Morreu o realizador e ensaísta Ricardo Costa, aos 81 anos

Foi um cineasta da chamada “docuficção”, e também professor e editor. Integrou o grupo de fundadores da cooperativa Grupo Zero e o colectivo que filmou As Armas e o Povo logo a seguir ao 25 de Abril de 1974.

Foto
Ricardo Costa DR

O realizador, produtor e ensaísta português Ricardo Costa, cujo percurso se insere na chamada “docuficção”, morreu aos 81 anos, revelou esta quinta-feira a Associação Portuguesa de Realizadores (APR).

Formado em Letras, pela Universidade de Lisboa, Ricardo Costa foi professor do ensino secundário e editor na vanguardista Mondar Editores (1964-1975), opositora do regime de ditadura, que chegou a ter livros apreendidos.
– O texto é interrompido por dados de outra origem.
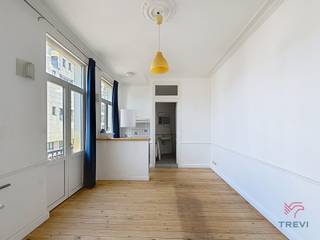 SAINT-GILLES – in de wijk Janson, dicht bij alle voorzieningen (openbaar vervoer en winkels), ideaal voor studenten. Studio van ± 30 m² op de...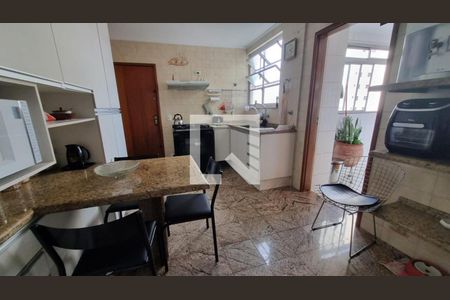 Apartamento à venda com 139m², 4 quartos e 1 vagaCozinha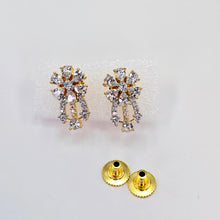 The Denika Yellowgold A.D Pendant Earring (M.S)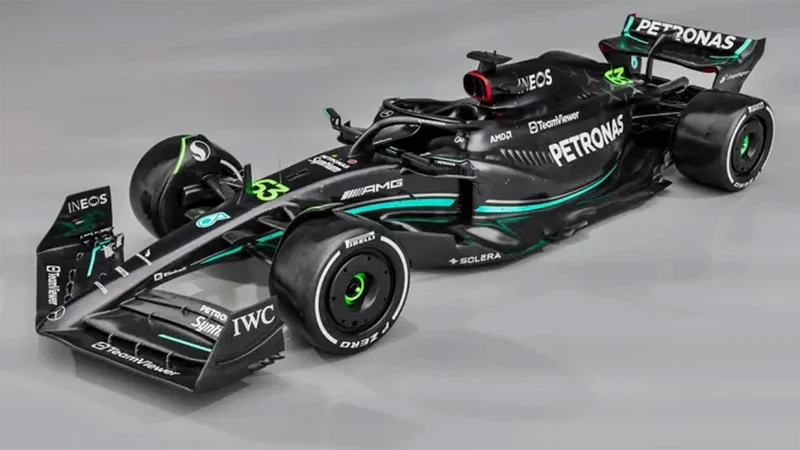 F1 2023: el Mercedes W14 vuelve al decorado negro en esta temporada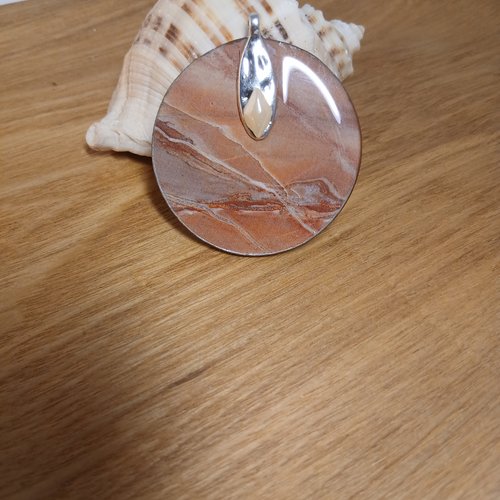 Pendentif en bois resiner effet marbré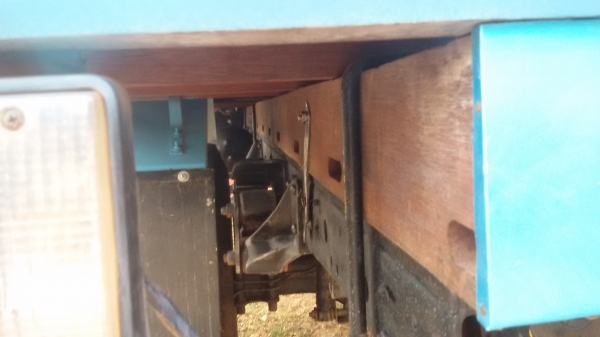 ขาย 6 ล้อ IS&Ugrave;ZU NKR(คุณวิรัช  ช่อกลาง รับรถกลับถึงชลบุรีวิ่งงานทำเงินเรียบร้อยแล้ว)เครื่องแน่นมาก แห้ง แรง ประหยัดน้ำมัน(4BE1ฝาดำ) แซสซีเยี่ยม สวยๆไม่ผุไม่ดาม ยางใหม่ 6 เส้น (ยาง7.50) พร้อมใช้งานได้เลย พร้อมโอนทั่ว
Seria só depois da revolução de Abril de 1974 que se ligaria profissionalmente ao cinema.

A propósito de uma palestra sobre a história oral do cinema português, em 2019, na Fundação Calouste Gulbenkian, Ricardo Costa escreveu um longo texto autobiográfico, no qual recorda que viveu “intensamente a crise académica de 1962” ao mesmo tempo que mantinha “o fogo sagrado do cinema”, em sessões com amigos.

Ricardo Costa foi um dos fundadores da cooperativa Grupo Zero, juntamente com João César Monteiro, Jorge Silva Melo, Solveig Nordlund, entre outros cineastas, colaborou no filme colectivo As Armas e o Povo (1975) e fundou, um ano depois, a produtora Diafilme. Naquela mesma biografia, Ricardo Costa relembra que as primeiras experiências a filmar foram a 25 de Abril  e nos dias seguintes  de 1974, registando a presença dos militares e dos civis nas ruas de Lisboa, recorrendo a bobines de película que tinha guardado no frigorífico, e colaborando na cobertura noticiosa para meios de comunicação da Alemanha e dos Estados Unidos.
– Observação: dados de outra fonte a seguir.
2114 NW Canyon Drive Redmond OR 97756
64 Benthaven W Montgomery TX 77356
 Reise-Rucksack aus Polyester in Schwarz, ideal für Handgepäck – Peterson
A APR sublinha que Ricardo Costa foi “precursor na ‘docuficção’ em Portugal” termo que o próprio só associaria ao seu trabalho décadas mais tarde , ao lado de nomes como António Reis, Margarida Cordeiro e António Campos.

São dele os filmes Mau Tempo, Marés e Mudança (1976), E do Mar Nasceu (1977), Verde por Fora, Vermelho por Dentro (1980), O Nosso Futebol (1985) e o biográfico Brumas (2003), além de curtas-metragens e séries para a RTP, como Mar Limiar. A eles junta-se a denominada tetralogia Homem Montanhês, com os filmes Castro Laboreiro (1979), Pitões, Aldeia do Barroso (1979), Longe É a Cidade e Ao Fundo Desta Estrada (ambos de 1981), além do projecto Paroles, com entrevistas ao cineasta e etnólogo grancês Jean Rouch, filmadas no Museu do Homem, em Paris, em 1998.

Sobre a condição de “realizador-produtor”, Ricardo Costa lamentou que lhe tenham sido negados “direitos elementares de cidadania, de criar e de produzir, por incúria do Ministério da Cultura”. “É nessa condição que me mantenho, como muitos dos meus colegas mais novos, condição em que o caricato se espelha”, afirmava em 2019.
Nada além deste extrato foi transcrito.